30479400The reasons for using beauty products are different for every women. Whether it is to enhance, to cover up, to join a trend or to express individuality, new research from Mintel reveals that seven in 10 US female beauty consumers (71 percent) agree that it’s important to always look their best when leaving the house. What’s more, 69 percent say that they get a boost of self esteem from using beauty products.

In addition to looking their best, female beauty product consumers value originality as the vast majority (81 percent) believe it is important to express a personal style rather than follow the latest beauty trends. Meanwhile, two thirds (64 percent) believe that it’s important to keep up a youthful appearance.

Total US retail sales of beauty products have been on a positive growth trajectory for several years, reaching an estimated $46.2 billion in 2015. Mintel projects beauty product sales to post gains through 2020, growing at an annual average rate of two-three percent. What’s more, the beauty category is dominated by three segments, with color cosmetics making up 31 percent of market share, followed by haircare (24 percent) and facial skincare (21 percent)*.

“The overall beauty and personal care market has been on a positive growth trajectory in recent years, with beauty product sales expected to continue to grow, driven by an improving economy and growth in the US population. Positive consumer attitudes underpin the high usage of beauty products and suggest marketing themes related to both confidence and the pleasure of a beauty routine are likely to resonate with women. Whether for mass or prestige brands, it is important to highlight how women can create diverse, personal looks and cultivate their own style rather than showcasing the newest trends,” said Margie Nanninga, Beauty Analyst at Mintel.

While the competitive beauty landscape can drive consumer interest, it can also be difficult to navigate as nearly two thirds of female beauty consumers (65 percent) find the number of options when shopping for products overwhelming.

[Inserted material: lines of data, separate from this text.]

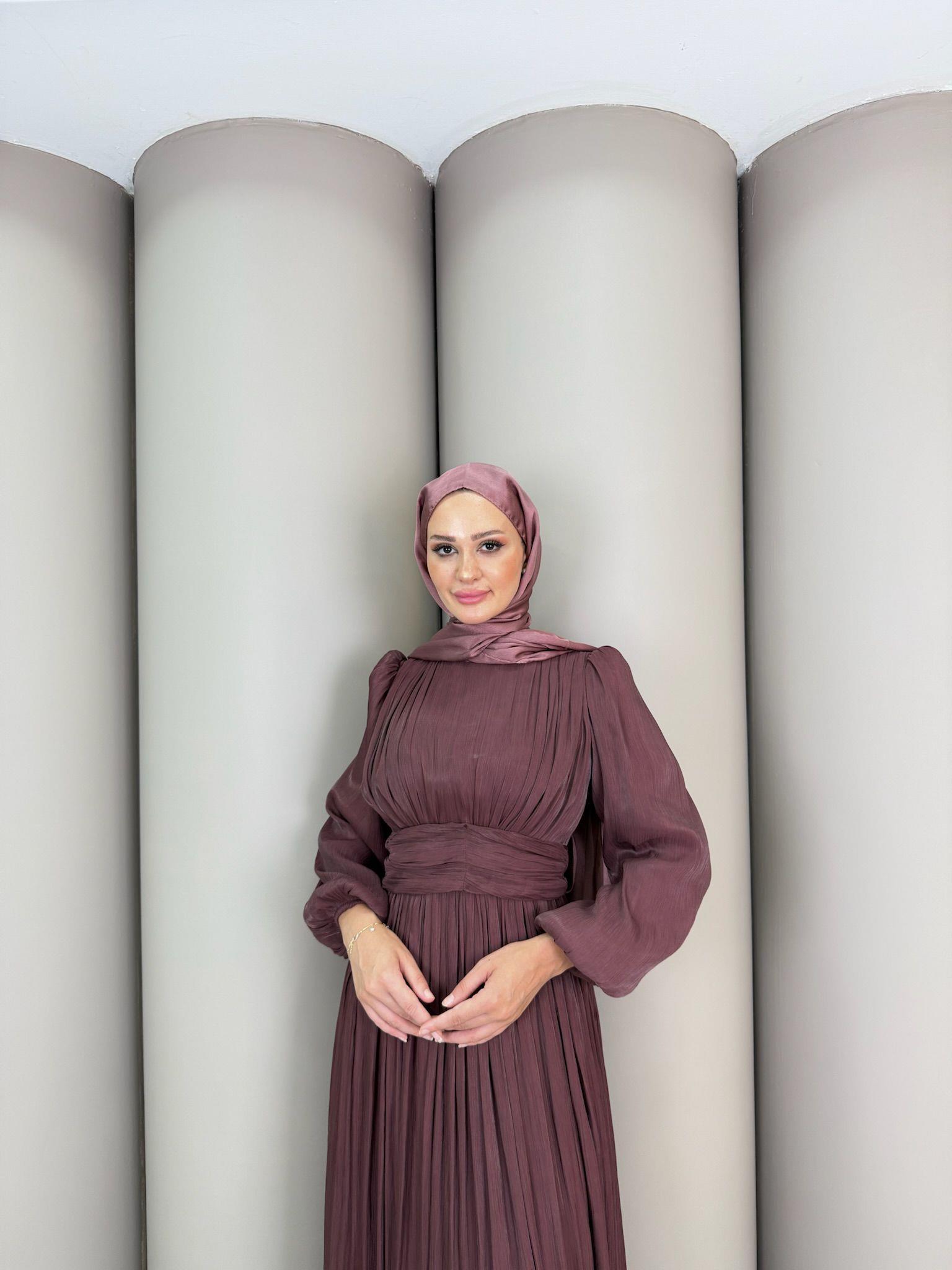 Abiye
Müge Abiye Gül Kurusu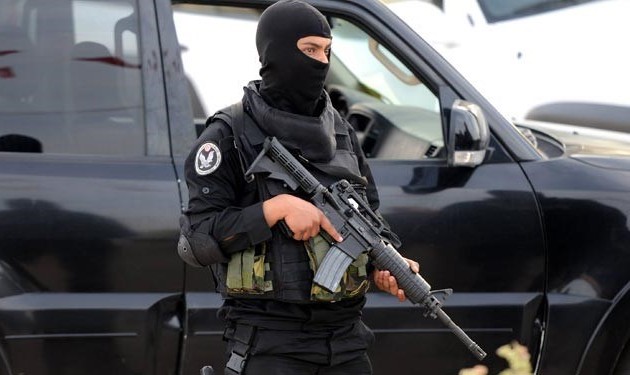 Tunisia mengganyang intrik teror besar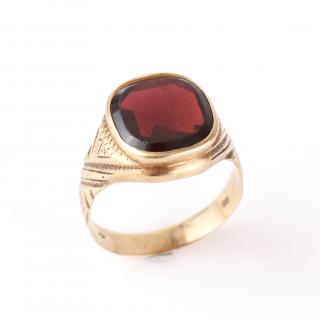Zlatý pánský prsten červený kámen v62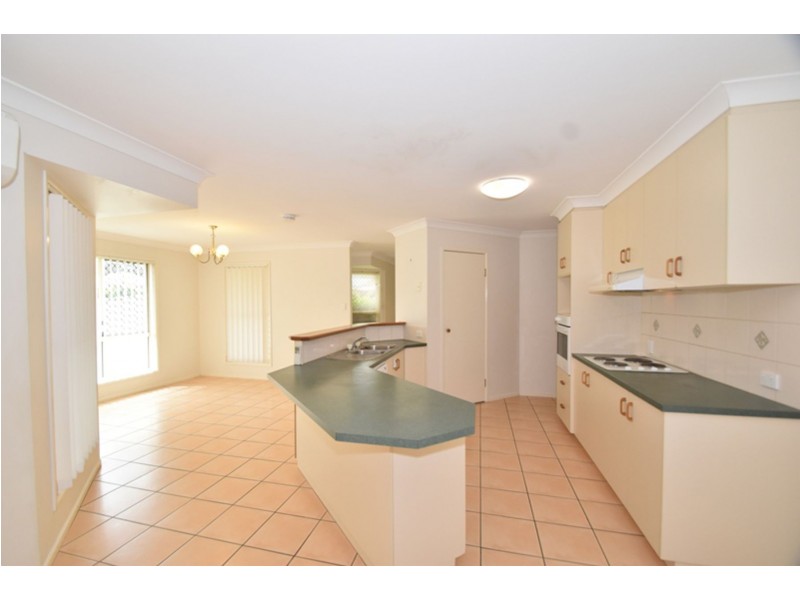 28 Wood Drive, Middle Ridge QLD 4350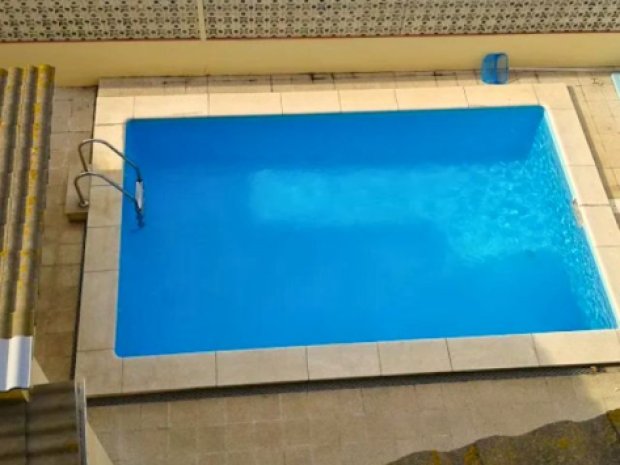 Vue sur la piscine du centre en colo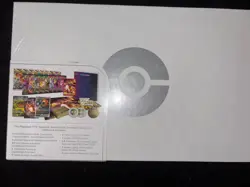 Pokemon TCG Sword and Shield Ultra Premium Collection Charizard Box 820650871115 - Image 4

However, more than half (57 percent) find pleasure in shopping for beauty products and nearly two thirds (63 percent) enjoy sampling products.

Shoppers often turn to other consumers, rather than brands, for information and ideas about beauty products: nearly one third of women who use beauty products rely on recommendations from family and friends (32 percent). This is especially true for Millennial female beauty consumers with 37 percent looking to product reviews, compared to 32 percent of female beauty consumers overall. What’s more, one quarter of female Millennials who use beauty products (25 percent) get their information from beauty blogs as compared to just 16 percent of female beauty consumers overall.

“Our research shows that the majority of women feel overwhelmed by the number of products available in this highly fragmented and competitive beauty market. As such, consumers may be lacking the appropriate education on how best to make purchases that are right for them, highlighting a need for tools to help differentiate between products and brands. While broad-based, traditional advertising and packaging are vital to reaching older consumers, Millennial-focused brands and product lines must have a strong online presence. Millennials are looking for the personal, interactive experience offered by mobile apps and social media sites, which are readily accessible via smartphones,” continued Nanninga.

Although most (54 percent) enjoy following a beauty regimen, nearly seven in 10 women who use beauty products (69 percent) spend just 20 minutes or less on their daily beauty routine. In fact, the majority (84 percent) of female beauty consumers report having only basic or intermediate skills, while more than half (56 percent) either don’t or rarely experiment. Consequently, ease of use (45 percent) is one of the top reasons for purchase, surpassed only by benefit (52 percent), and followed by products usually used by the consumer (41 percent).

“Even as the majority of women use some beauty products on a regular basis and many enjoy shopping, sampling and using products, we find that most women are prioritizing effective, easy-to-apply products. While products that are easy to apply will have maximum appeal to a wide range of women, the key challenge for brands is how to more deeply and systematically engage with users at different tiers of interest to help them become more dedicated and passionate beauty product users,” concluded Nanninga.